Though it's not a written rule, everyone who's been around the block on Halloween knows a dark porch should be a skipped porch. It's a sign you can add to the various different meanings of porch light colors. Yes, there may still be an occasional daredevil demanding a fun-sized candy bar, but turning the lights off is generally a clear tell that this house is off-limits to candy goblins of all ages.

Skip the darkened houses on Halloween

Darkness on Halloween may seem like an invitation to be tricked, but don't try it. Many people who turn their lights off hope it'll be perceived as a "do not disturb" sign, and that's what most people understand it to be. You'll probably be considered rude if you bring your kids to a dark porch and ring the doorbell. Some cities have set up official rules about dark porches, meaning no trick-or-treating, so going up to one of those houses could mean you're breaking the rules.

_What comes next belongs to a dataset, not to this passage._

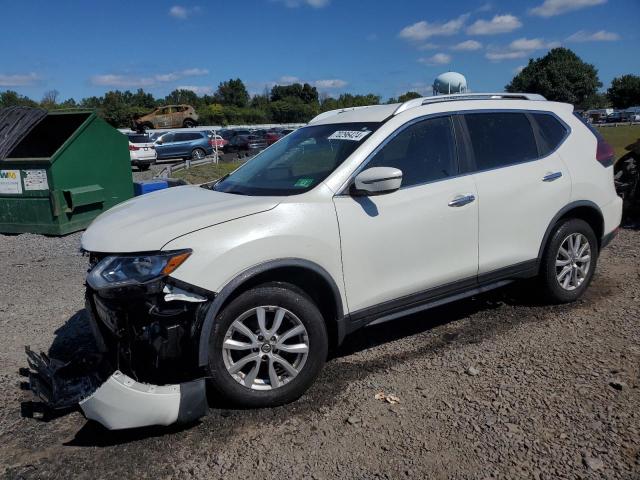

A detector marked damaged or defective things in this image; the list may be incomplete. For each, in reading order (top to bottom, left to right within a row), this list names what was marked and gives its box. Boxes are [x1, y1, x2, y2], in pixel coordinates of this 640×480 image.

crushed front end [22, 249, 211, 430]
damaged front bumper [23, 258, 212, 432]
exposed headlight assembly [88, 249, 192, 290]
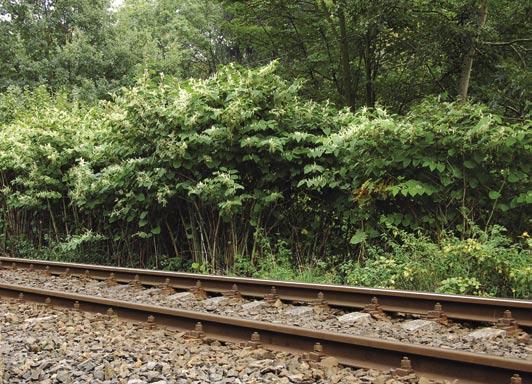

But look at that: the windows illuminate the street while a family sits at the table. They're obviously home! Every light could be on inside, but stay away from the house if that porch light is off. There are many reasons someone might not want trick-or-treaters at their door; dark porches don't mean they're the Scrooge of Halloween.

The residents could be sick and don't want to share it with the kiddos, a non-stop crying baby may have finally settled down, or they ran out of candy. Or, maybe they are the Scrooge of Halloween. At least they're not trying to ruin your evening by leaving their light on and greeting you with a "boo-humbug."

How to signal your Halloween intentions

If you're the one turning the lights off to keep kids off your lawn, you can do a few other things to ensure your message to trick-or-treaters is clear. Turn off every outdoor light, from motion sensors to solar-powered decorative lights. Some people can't take a hint, so you need to be obvious. Remove all decorations, too. If that doesn't work, put a sign on the door clearly stating not to ring the doorbell, knock, or make noise — whatever you need it to say.

If you still want to give out candy but don't want to hear knocking, leave a candy bowl out on a table with a small light. You'll risk a greedy candy hound taking the entire bowl and people knocking on your door anyway, but it's an easy way to keep the kiddos happy while you're inside.

And, if you would like to meet trick-or-treaters at the door, make that obvious, too. Light your porch up with several lights and transform your yard with outdoor Halloween décor. Lit-up jack-o'-lanterns are a simple way to show your neighbors you've got candy to share. Also, whether you want people on your porch or not, post in neighborhood social media groups to let your neighbors know ahead of Halloween night.